Task: Please transcribe only the lines from the one holding "Logo der Firma" through the final line of the data, both included, with no pictures.

### Provided records

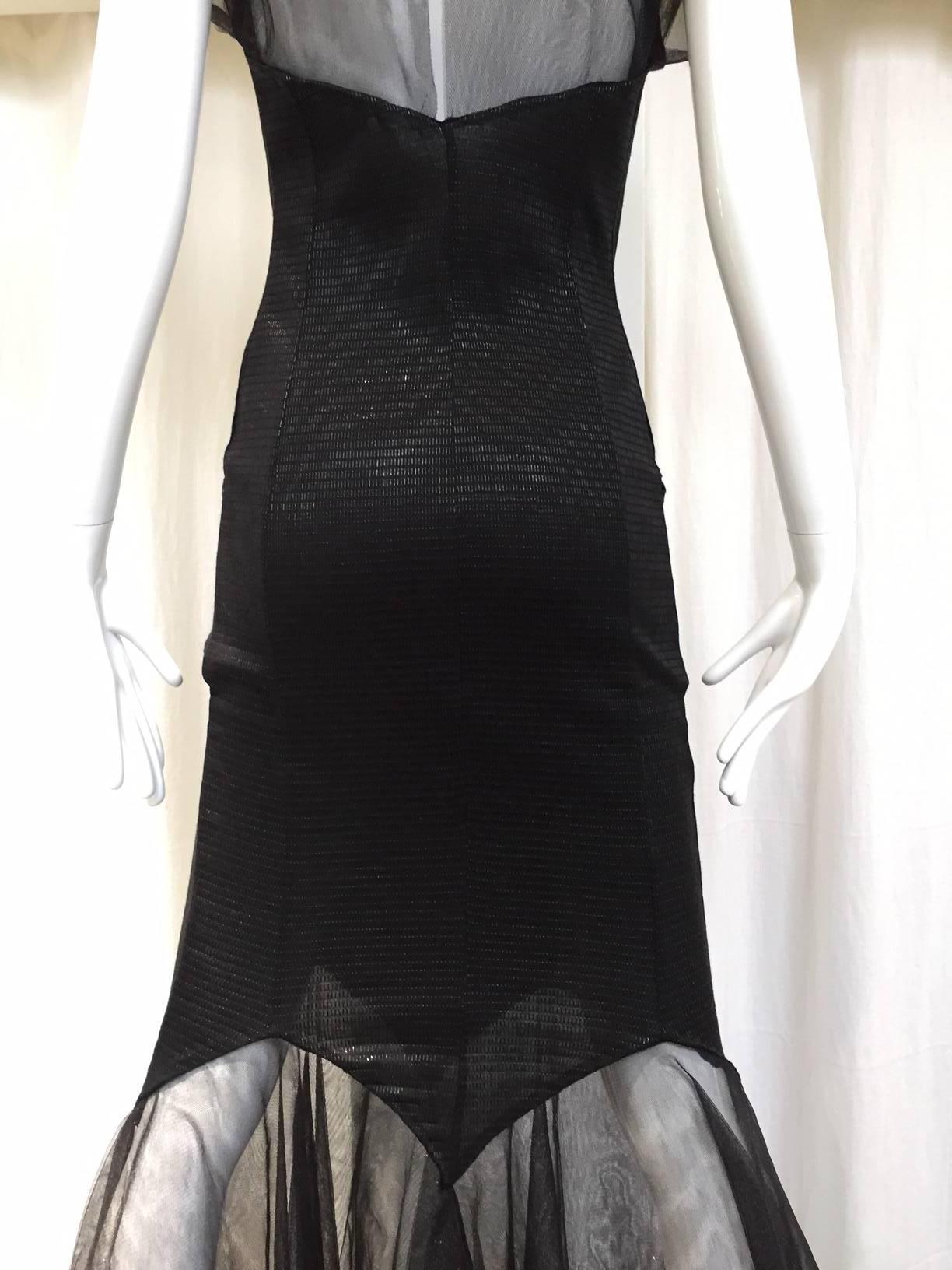 Incredible KARL LAGERFELD Black Knit Mermaid Dress with Tulle Sleeve and Hem 1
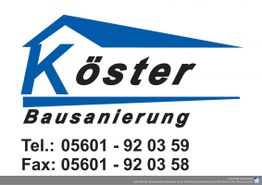 Logo der Firma Köster Bausanierung mit Telefonnummern für Telefon und Fax.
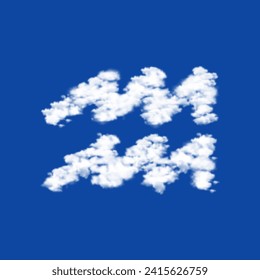 Clouds in the shape of a zodiac aquarius symbol on a blue sky background. A symbol consisting of clouds in the center. Vector illustration on blue background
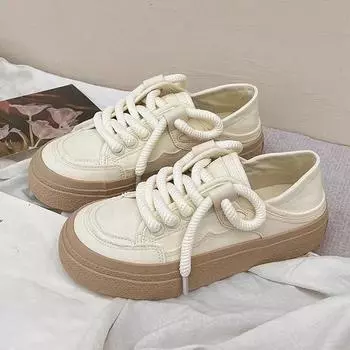Fashion Casual Height Increasing Platform Canvas Shoes for Women Summer Outer White Sneakers Lace Up Vulcanize Shoes Zapatillas Mujer 35 коричневый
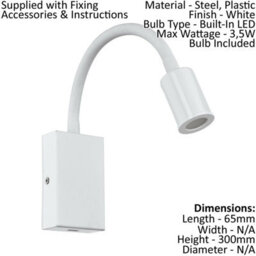 Stylish White Steel Led Wall Light With Rocker Switch And Bulb Included - thumbnail 2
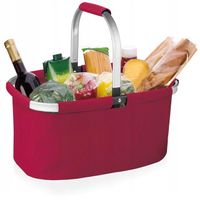 KOSZ KOSZYK SKŁADANY NA ZAKUPY PIKNIK CZERWONY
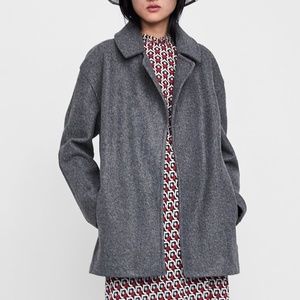 NWT ZARA WIDE LAPEL COAT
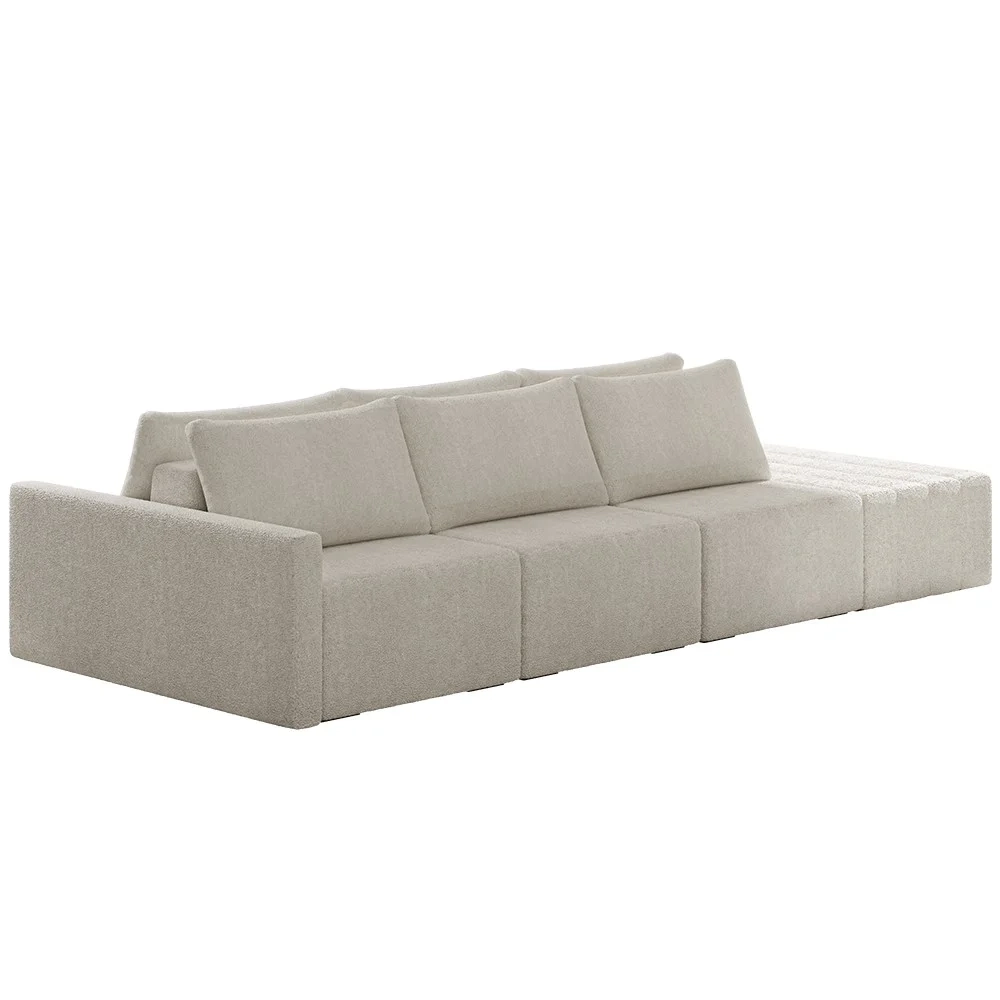 Sofá Ilha Modular com Puff para Sala Living 312cm Georgia Z08 Boucle Bege - Mpozenato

######

Solution to this exercise:
 Logo der Firma Köster Bausanierung mit Telefonnummern für Telefon und Fax.
 Clouds in the shape of a zodiac aquarius symbol on a blue sky background. A symbol consisting of clouds in the center. Vector illustration on blue background
Fashion Casual Height Increasing Platform Canvas Shoes for Women Summer Outer White Sneakers Lace Up Vulcanize Shoes Zapatillas Mujer 35 коричневый
 Stylish White Steel Led Wall Light With Rocker Switch And Bulb Included - thumbnail 2
 KOSZ KOSZYK SKŁADANY NA ZAKUPY PIKNIK CZERWONY
 NWT ZARA WIDE LAPEL COAT
 Sofá Ilha Modular com Puff para Sala Living 312cm Georgia Z08 Boucle Bege - Mpozenato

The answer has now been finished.